We continue to push the limits of on-device machine learning with TensorFlow Lite by making it faster and easier to use. In this blog post, we highlight recent TensorFlow Lite features that were launched within the past six months, leading up to the TensorFlow Dev Summit in March 2020.
Pushing the limits of on-device machine learning
Enabling state-of-the-art models
Machine learning is a fast-moving field with new models that break the state-of-the-art records every few months. We put a lot of effort into making these state-of-the-art models run well on TensorFlow Lite. As examples, we now support EfficientNet-Lite (paper), a family of image classification models, MobileBERT (paper), and ALBERT-Lite (paper), a light-weight version of BERT (paper) that supports multiple NLP (natural language processing) tasks. Check out some of the performance benchmarks below.
EfficientNet-Lite is a family of image classification models that achieve state-of-the-art accuracy with an order of magnitude fewer computations and parameters. The models are optimized for TensorFlow Lite with quantization, resulting in faster inference with negligible accuracy loss, and they can run on the CPU, GPU, or Edge TPU. Find out more in our blog post.
|Figure: Integer-only quantized models running on Pixel 4 CPU with 4 threads.|
MobileBERT and ALBERT-Lite
MobileBERT and ALBERT-Lite are the optimized versions of the popular BERT model that achieved state-of-the-art accuracy on a range of NLP tasks, including question and answer, natural language inference, and others. MobileBERT is about 4x faster and smaller than BERT and retains similar accuracy.
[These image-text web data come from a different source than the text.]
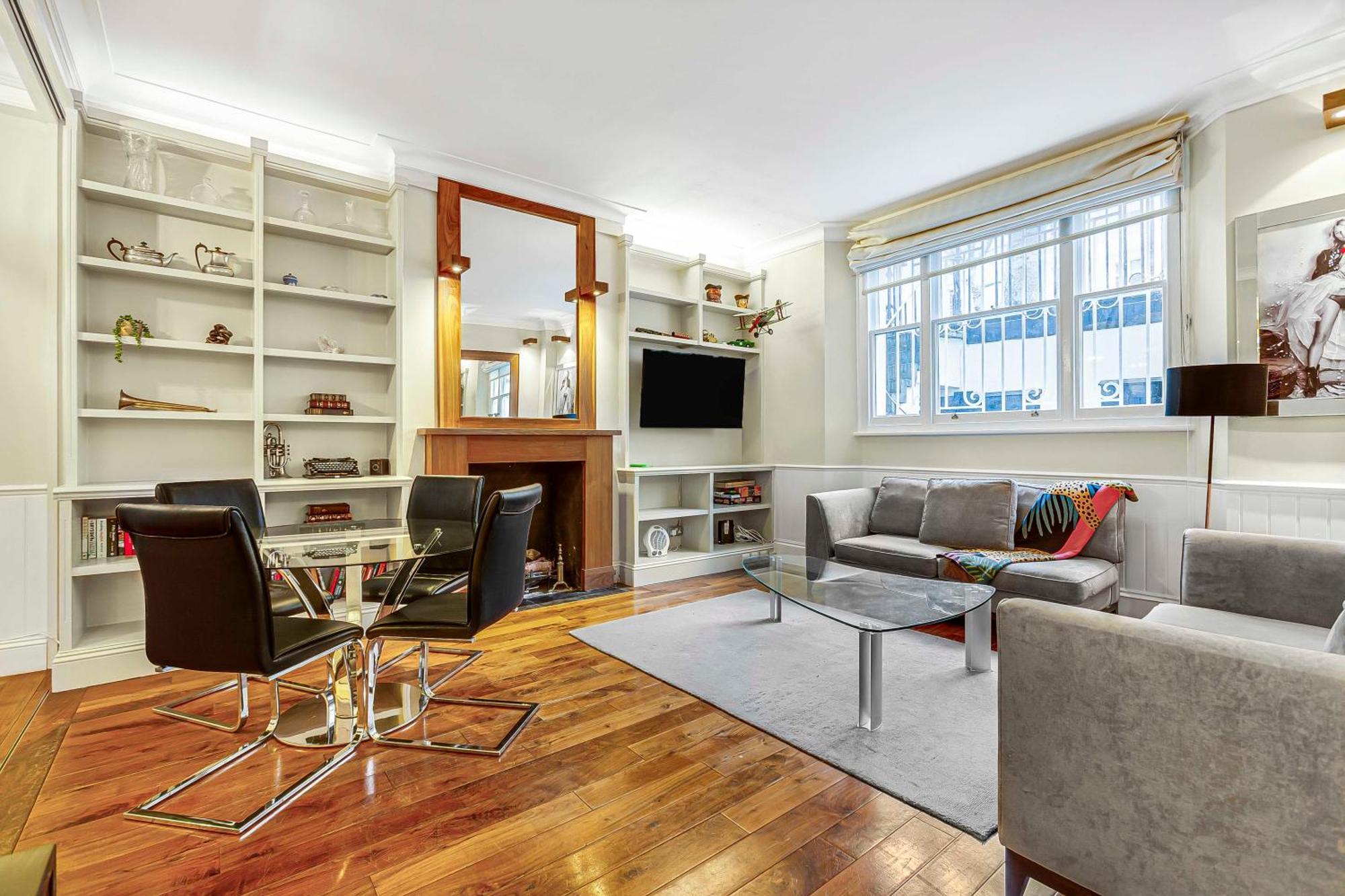 Ivy Queen's Gate 2 Pro-managed Apartamento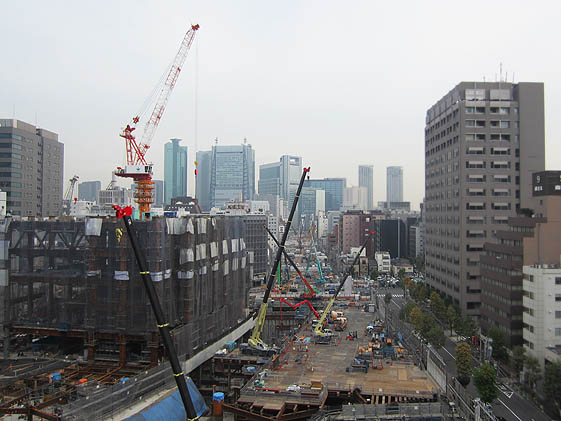 「東京都市計画事業 環状第二号線 新橋・虎ノ門地区第二種市街地再開発事業 Ⅲ街区（虎ノ門地区）」の建設現場。建物内地下に自動車道路が通ります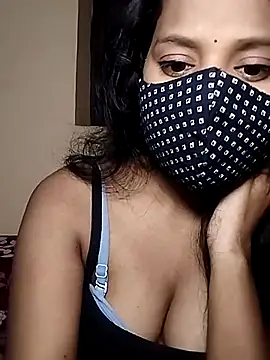 Snapshot of Shivani_Tivari chatting on January 18, 2026, 9:24 am Shivani Tivari online show from January 18, 2026, 9:24 am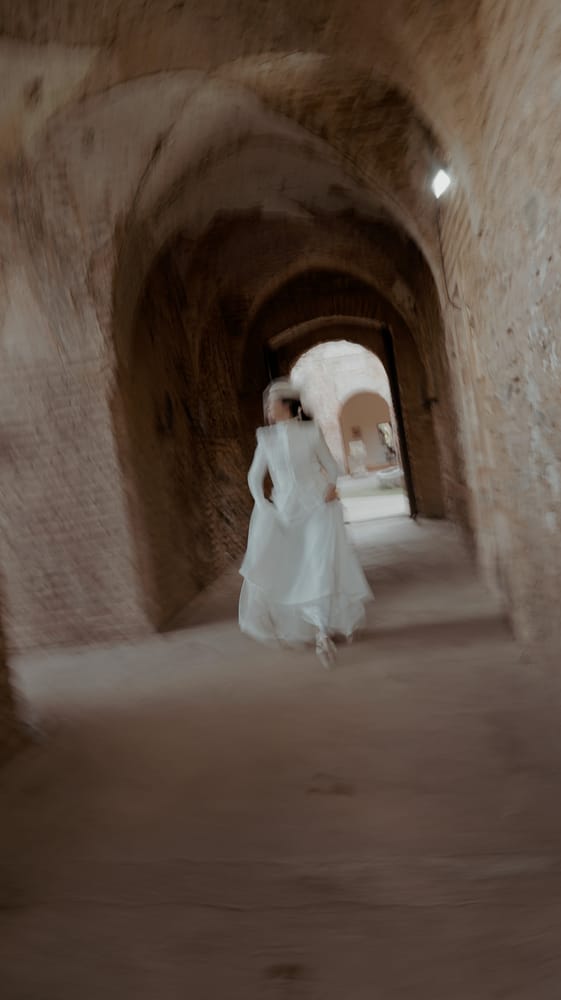 Novia corriendo por un pasadizo abovedado, en La Cartuja de Cazalla, Sevilla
Meanwhile, ALBERT-Lite is 6x smaller than BERT, but slower than MobileBERT.
|Figure: Pixel 4, Float32 question & answer models, CPU 4 threads|
New TensorFlow Lite converter
We launched a new converter that enables more models and improves the developer experience:
- Enables conversion of new classes of models, including DeepSpeech V2, Mask R-CNN, Mobile BERT, MobileNetSSD, and many more
- Adds support for functional control flow (enabled by default in TensorFlow 2.x)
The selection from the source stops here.